Elephant Walk Injera & Curry House

3/5 stars

Dear Elephant Walk,

I really did want to love you (and don't worry, there's still chance for a redemption song). 
I loved your name, I loved your sign. I even loved the musk you emitted into the street. 
But here's what I didn't love:

1) Beer cost - we each ordered a large Taj beer (when in Rome), and they were $10 each. We got exposed because there was no drink menu with pricing, so we rolled the dice and the dice set our cash on fire.
2) The Lamb Vindaloo should've been called "Vindaloo with a dash of lamb". I am of the opinion that you can never have enough lamb - in this case, they fell short of my preferred lamb quantity of infinity by......infinity. 
3) There was a similar volume problem in the saag paneer, except in this case the absentee was the paneer. 
Saag paneer, to me, is to an Indian restaurant what a burger is to an American restaurant. That is, the whole menu lives and dies by the saag paneer. In this case, the saag paneer didn't kill the meal, but it certainly left a bad taste in my butt.
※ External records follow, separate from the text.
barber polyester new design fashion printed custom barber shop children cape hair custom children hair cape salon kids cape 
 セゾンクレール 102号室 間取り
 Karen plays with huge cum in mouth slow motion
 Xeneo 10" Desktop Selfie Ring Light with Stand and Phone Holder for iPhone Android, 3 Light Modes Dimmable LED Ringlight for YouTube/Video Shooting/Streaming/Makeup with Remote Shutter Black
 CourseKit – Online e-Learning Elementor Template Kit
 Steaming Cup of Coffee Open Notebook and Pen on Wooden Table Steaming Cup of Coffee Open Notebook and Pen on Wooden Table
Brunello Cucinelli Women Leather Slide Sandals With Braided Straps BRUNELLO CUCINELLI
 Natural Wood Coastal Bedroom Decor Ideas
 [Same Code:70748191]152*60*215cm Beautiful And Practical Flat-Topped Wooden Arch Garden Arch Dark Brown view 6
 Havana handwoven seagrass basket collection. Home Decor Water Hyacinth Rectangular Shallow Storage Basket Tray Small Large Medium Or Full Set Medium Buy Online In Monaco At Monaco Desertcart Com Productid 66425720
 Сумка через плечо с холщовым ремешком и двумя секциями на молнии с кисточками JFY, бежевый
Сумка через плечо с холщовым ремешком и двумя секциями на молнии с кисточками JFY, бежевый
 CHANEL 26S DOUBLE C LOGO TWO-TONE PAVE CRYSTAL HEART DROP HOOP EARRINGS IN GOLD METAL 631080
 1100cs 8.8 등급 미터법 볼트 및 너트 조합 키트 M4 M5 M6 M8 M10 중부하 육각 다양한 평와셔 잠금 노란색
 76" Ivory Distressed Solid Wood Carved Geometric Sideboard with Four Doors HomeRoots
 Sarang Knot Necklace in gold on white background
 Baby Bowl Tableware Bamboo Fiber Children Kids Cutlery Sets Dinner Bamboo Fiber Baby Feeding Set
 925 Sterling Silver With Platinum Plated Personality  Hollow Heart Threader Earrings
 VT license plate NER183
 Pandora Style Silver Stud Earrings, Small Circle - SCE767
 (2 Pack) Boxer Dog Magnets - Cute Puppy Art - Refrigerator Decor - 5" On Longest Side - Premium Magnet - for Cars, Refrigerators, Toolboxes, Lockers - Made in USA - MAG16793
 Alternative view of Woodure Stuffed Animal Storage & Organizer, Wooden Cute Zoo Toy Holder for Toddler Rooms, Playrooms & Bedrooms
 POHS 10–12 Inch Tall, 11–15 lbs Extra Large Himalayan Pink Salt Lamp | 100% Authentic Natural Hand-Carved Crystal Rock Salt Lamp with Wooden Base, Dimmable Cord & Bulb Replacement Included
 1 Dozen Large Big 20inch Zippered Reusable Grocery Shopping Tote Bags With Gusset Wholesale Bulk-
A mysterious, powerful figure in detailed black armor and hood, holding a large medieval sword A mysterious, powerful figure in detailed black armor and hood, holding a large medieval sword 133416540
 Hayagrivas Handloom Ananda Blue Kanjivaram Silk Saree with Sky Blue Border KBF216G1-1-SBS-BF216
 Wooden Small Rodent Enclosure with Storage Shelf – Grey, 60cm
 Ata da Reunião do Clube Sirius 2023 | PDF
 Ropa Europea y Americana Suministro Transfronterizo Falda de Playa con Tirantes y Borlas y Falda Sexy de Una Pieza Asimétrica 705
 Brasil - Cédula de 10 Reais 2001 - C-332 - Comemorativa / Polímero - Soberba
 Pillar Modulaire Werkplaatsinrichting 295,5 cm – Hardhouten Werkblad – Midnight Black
As an Indian myself, I have the luxury of having homemade Indian food any time I make it home. So the fun of going to an Indian restaurant is to treat yo'self to "restaurant style" Indian food. That is, greasy oily fatty (delicious) Indian food. Elephant Walk walks more along the line of homemade Indian food - so for those who don't have the luxury of getting homemade Indian food at home, this is a good option. 
Also, this place does have the nicest interior of any Indian restaurant in Cincinnati. In fact, I just assumed that this was the owner's SECOND restaurant, because typically the first effort has a sloppier (read: budget) interior. But they balled out the first time around, so holler@yourinterior.com

OTHER SMALL TIDBITTIES
1) All night long, they played great bollywood songs, which made me want to shake my bollywood bum. In my bollywood booth. With a bollywood broad.
2) That Bhaingan Bhuna is the most bangin dish on the menu, girl hit that
3) Description of dishes would be helpful, so someone doesn't ask for a Rogan Josh only to get a plateful of Josh Groban.